TURNING POINT vol.10

阿部勇樹(MF/22) 「まだ見ぬ景色のために」

結果を残さなければ、一緒に戦ってもらえない

誤解を恐れずに言わせてもらえれば、間違いなく浦和レッズは過渡期を迎えている。

だからこそ、今、敢えてこの男の言葉に耳を傾けるべきだろう。

阿部勇樹——。38歳を迎え、気がつけばチーム最年長の選手になった。

そんな彼には鮮明に覚えている瞬間がある。浦和レッズに加入した2007年のことだ。

「前年にJ1で優勝していたし、移籍してきたときは、『何で来たんだよ』という厳しい目で見られていましたよね。でも、2-2で引き分けた大分トリニータ戦(J1第4節)で、レッズに来てから初めて得点したんです。それも2得点。そうしたら、次の試合から自分の名前をコールしてもらえるようになって。そのとき、感じたんですよね。レッズのファン・サポーターは、どんな選手であっても、周りが納得するような結果を残さなければ、一緒に戦ってもらえないんだなって」

当時に阿部は、こうも思ったと言う。

「ここは、そういうクラブなんだな」

そのときから今日まで、浦和レッズでプレーする責任と覚悟を持って、阿部はピッチに立ち続けてきた。

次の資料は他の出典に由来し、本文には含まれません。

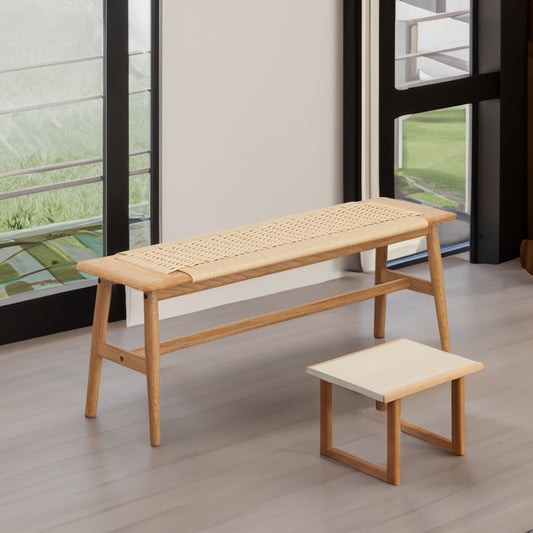 Natural Oak Dining Bench with Woven Seat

「ちょっとでも下手なプレーをしたら、その評価というものはどんどん下がっていくでしょうし、だからプレッシャーにもなるけど、それがモチベーションにもなる。一緒に戦ってくれる彼らを少しでも喜ばせたいという思いで、ここまでやってきたし、結果が出ずに、いいプレーができなければ、ブーイングされることも覚悟しなければならない」

帰ってきたという感覚はなかった

阿部が自身のターニングポイントに挙げたのは、浦和レッズを離れた2010年8月から2012年までのレスター・シティ時代だった。

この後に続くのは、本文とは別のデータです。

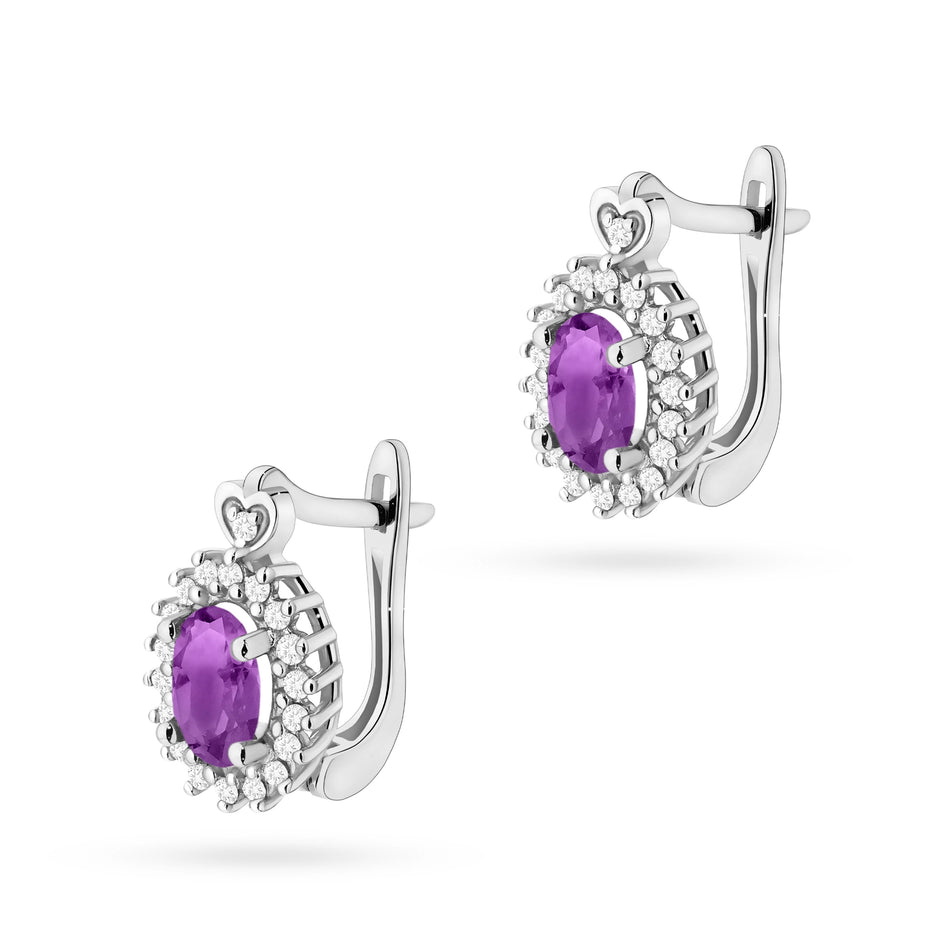 Goldohrringe mit 0,40 ct Amethysten und 0,19 ct Diamanten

「チャレンジというか、2010年のワールドカップで感じたことをヨーロッパでやりたいっていう思いがあった。向こうに行かなければ経験できないことがあったと思うので、非常に悩んだ時期ではありましたけど、そこでひとつ決断したことは、自分にとってポイントだったかなと思います」

なぜなら、レスターでの経験が、のちに浦和レッズでも活きたからだ。

「向こうでは、試合に出られるときもあれば、メンバー外も経験した。日本にいたら、そうした経験はできなかったかもしれないし、試合に出られずに、悔しい思いをしている選手の気持ちや、試合に出るためにどうしていくんだってところでは、海外の選手も変わらないということを知った。2012年にレッズでプレーすることを決めたとき、キャプテンを頼まれましたけど、そのときにも活きたんですよね。あれから年月が経ち、再び自分がそうした立場になった今、どんな状況であっても、常に準備しなければいけないという姿勢にも、すべてはつながっているんですよね」

ただ、浦和レッズに戻ってきたときの覚悟を聞けば、阿部ははっきりとこうも言うのだ。

「帰ってきたという感覚はなかったんです。うん。全くない」

こちらが目を見開くと、浦和レッズでプレーすることの意味を紐解いてくれた。

「レッズって、やっぱり見ているファン・サポーターの目は年々厳しくなっているし、サッカーを見る目もどんどん肥えてきていると思ったんですよね。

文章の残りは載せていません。